Back then, he would lie awake in bed, thinking about every major decision; he would talk to everybody he could think of, up to and including the janitor, looking for more information. It took him nearly a year to hire an administrative assistant, after rustling up a list of 15 candidates.
That's not Alex Anthopoulos anymore.
"I don't agonize over decisions as much," he says, his phone buzzing every so often on the table. "And I think this off-season was really where -- you evolve, I think.
"I think what I learned is -- in the beginning, you still want to be a good leader and be inclusive. And I certainly still want to be all that.
"Over time, I've just forgot that, at times as an assistant GM, I did all kinds of things, but I had an opinion. I gave my opinion and it was my opinion and I didn't have to worry as much about it. Just boom, that's it.
"But as a general manager, you're leading the organization and you're not doing the job by yourself.
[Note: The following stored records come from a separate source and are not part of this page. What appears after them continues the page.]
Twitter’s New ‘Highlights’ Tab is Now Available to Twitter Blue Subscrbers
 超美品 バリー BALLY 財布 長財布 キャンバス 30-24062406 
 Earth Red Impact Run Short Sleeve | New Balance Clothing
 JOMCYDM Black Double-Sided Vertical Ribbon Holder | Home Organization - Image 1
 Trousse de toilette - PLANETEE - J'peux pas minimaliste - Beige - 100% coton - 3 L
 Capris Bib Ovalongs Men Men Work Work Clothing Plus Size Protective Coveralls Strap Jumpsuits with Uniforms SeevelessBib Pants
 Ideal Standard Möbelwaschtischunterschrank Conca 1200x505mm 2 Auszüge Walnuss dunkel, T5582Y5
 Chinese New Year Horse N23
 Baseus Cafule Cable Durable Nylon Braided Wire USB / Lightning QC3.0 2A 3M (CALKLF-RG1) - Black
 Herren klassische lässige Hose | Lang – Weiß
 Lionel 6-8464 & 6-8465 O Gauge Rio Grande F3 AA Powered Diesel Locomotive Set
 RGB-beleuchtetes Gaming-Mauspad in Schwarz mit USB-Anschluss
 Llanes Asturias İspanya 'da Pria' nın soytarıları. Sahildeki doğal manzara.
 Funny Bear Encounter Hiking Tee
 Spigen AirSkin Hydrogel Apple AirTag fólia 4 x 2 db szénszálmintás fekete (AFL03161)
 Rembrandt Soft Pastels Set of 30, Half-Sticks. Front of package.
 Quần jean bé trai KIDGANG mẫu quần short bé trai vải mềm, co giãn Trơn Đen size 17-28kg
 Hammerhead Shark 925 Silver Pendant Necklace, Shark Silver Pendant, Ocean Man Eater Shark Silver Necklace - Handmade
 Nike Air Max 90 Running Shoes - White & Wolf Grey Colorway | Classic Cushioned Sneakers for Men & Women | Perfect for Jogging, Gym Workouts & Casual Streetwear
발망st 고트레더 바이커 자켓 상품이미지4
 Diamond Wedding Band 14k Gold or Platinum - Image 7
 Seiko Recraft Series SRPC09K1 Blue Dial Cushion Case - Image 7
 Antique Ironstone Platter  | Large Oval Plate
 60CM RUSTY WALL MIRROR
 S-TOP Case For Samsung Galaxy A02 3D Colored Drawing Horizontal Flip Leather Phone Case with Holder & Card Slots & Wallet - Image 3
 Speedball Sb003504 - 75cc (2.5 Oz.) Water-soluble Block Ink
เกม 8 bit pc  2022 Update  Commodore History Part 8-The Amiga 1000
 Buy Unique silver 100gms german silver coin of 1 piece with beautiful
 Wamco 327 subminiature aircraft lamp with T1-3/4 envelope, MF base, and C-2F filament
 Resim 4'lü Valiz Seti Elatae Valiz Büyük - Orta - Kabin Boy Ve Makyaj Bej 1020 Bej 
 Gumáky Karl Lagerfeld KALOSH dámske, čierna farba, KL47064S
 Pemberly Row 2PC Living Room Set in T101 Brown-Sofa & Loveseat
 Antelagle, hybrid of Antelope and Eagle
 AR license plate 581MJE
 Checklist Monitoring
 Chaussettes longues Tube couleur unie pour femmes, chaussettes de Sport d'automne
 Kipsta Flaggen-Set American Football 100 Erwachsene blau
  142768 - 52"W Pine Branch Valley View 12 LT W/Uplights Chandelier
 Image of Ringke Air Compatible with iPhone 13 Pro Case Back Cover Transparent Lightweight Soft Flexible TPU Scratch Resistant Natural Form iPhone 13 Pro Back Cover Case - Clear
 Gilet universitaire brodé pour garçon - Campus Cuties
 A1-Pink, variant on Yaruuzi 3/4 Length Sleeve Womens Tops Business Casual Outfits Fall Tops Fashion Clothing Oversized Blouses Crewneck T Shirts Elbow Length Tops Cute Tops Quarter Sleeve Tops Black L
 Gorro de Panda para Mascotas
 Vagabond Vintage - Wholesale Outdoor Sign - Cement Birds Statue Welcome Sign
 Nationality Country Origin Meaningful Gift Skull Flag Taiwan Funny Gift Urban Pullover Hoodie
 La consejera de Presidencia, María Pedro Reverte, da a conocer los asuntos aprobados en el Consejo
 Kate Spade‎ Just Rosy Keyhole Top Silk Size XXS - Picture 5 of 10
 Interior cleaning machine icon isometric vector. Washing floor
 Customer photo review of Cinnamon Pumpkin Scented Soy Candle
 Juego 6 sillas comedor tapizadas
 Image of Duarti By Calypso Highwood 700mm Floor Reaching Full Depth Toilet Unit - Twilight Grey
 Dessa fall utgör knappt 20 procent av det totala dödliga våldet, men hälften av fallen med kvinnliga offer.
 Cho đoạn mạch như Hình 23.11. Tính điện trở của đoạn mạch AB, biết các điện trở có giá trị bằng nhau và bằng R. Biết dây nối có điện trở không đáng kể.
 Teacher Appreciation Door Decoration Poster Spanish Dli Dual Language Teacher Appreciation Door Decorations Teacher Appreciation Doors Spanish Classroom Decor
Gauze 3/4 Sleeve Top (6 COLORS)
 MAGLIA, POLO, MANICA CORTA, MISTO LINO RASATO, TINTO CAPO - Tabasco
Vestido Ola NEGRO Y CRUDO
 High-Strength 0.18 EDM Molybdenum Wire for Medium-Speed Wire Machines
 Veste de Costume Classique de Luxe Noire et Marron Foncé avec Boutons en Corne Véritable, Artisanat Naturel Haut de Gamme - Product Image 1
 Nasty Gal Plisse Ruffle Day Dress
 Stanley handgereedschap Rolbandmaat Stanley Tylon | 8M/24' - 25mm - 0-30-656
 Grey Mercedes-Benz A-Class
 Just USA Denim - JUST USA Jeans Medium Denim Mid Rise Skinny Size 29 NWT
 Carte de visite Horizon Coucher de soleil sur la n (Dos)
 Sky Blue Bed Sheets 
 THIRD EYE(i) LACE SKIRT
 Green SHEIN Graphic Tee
You want everybody included, everybody involved, respect everyone's opinion. But ... I forgot that now that I'm a GM, I forgot to actually ask myself my opinion; to pretend I'm in the room and say, 'Hey, what do you think?' Because that opinion should carry a little more weight, because if it's wrong, it's me anyway."
Anthopoulos had a busy off-season and it required big decisions. It required his staff's input, the input of the scouts and the result was a team remade: Three starters in R.A. Dickey, Josh Johnson and Mark Buehrle; a new starting shortstop in Jose Reyes; new pieces in Melky Cabrera and Emilio Bonifacio.